If $\dfrac{{{x^2}}}{{36}} - \dfrac{{{y^2}}}{{{k^2}}} = 1$ is a hyperbola, then which of the following statements can be correct?
(1) $( - 3,1)$ lies on the hyperbola
(2) $(3,1)$ lies on the hyperbola
(3) $(10,4)$ lies on the hyperbola
(4) $(5,2)$ lies on the hyperbola

Answer 1

Hint: A hyperbola is a conic section formed by intersecting a right circular cone with a plane at an angle such that both halves of the cone are intersected. The intersection produces two separate unbounded curves that are minor images of each other. As with the ellipse, the hyperbola has two axes of symmetry namely as the transverse axes and the conjugate axes.

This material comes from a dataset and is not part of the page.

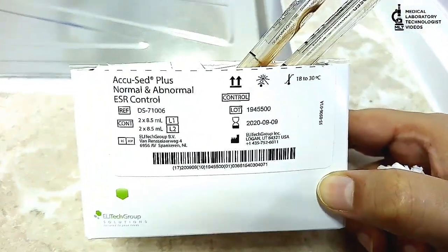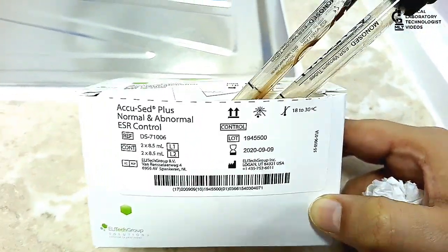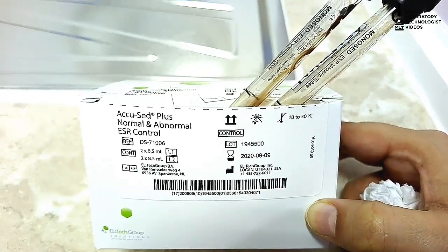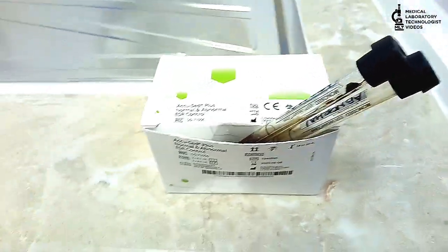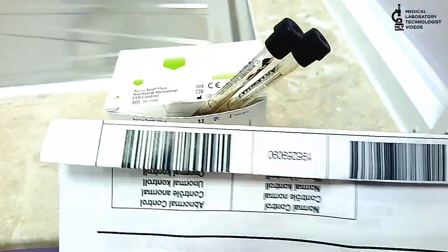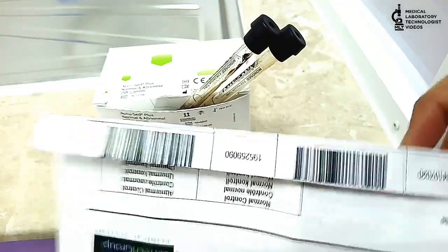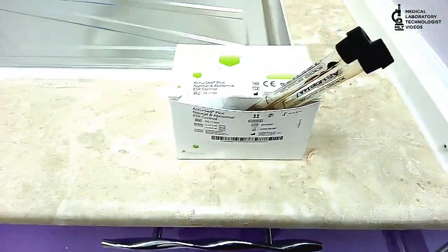There is normal and abnormal control. I already filled the control because daily you don't need to make new control. This control you can use for several days.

Complete step by step answer:
Here k is constant and because the hyperbola is located in the real line, then k must be a real constant. So we examine if the given points produce a real value of k after satisfying the equation of the given hyperbola.
For option no. (1), we satisfy the equation for the point (-3,1),
 we get, $\dfrac{{{{( - 3)}^2}}}{{36}} - \dfrac{{{{(1)}^2}}}{{{k^2}}} = 1$
i.e. $ - \dfrac{1}{{{k^2}}} = 1 - \dfrac{9}{{36}}$
i.e. $ - \dfrac{1}{{{k^2}}} = \dfrac{3}{4}$
i.e. ${k^2} = - \dfrac{4}{3}$ which does not give a real value of k.
Therefore option (1) is invalid same as option (2) because we get the same result for option (2).
Let us proceed with option (3). Here for the point (10,4),
we get $\dfrac{{{{(10)}^2}}}{{36}} - \dfrac{{{{(4)}^2}}}{{{k^2}}} = 1$
i.e. $ - \dfrac{{16}}{{{k^2}}} = 1 - \dfrac{{100}}{{36}}$
i.e. $\dfrac{{16}}{{{k^2}}} = \dfrac{{64}}{{36}}$
i.e. $$ $$ ${k^2} = 9$ i.e. $k = \pm 3$ which is a real value of k.
Therefore the point (10,4) satisfies the equation of the hyperbola and it lies on the hyperbola.
Again examining the option (4), satisfying the equation of the hyperbola with the point (5,2),
we get $\dfrac{{{{(5)}^2}}}{{36}} - \dfrac{{{{(2)}^2}}}{{{k^2}}} = 1$
I.e. $ - \dfrac{4}{{{k^2}}} = 1 - \dfrac{{25}}{{36}}$
i.e. $\dfrac{4}{{{k^2}}} = - \dfrac{9}{{36}}$ which also does not provide a real value of k.
Therefore option (4) is also invalid .

So, the correct answer is “Option 3”.

Note:
 In these sorts of questions we often examine each option given by the problem to find out the correct option. In this case our main objective was to find whether the given points give a real value of k or not. Here we found out only one of the points giving a real value of k, the others were delivering a complex value which is unacceptable. Hence we take the real value and thus we get the answer.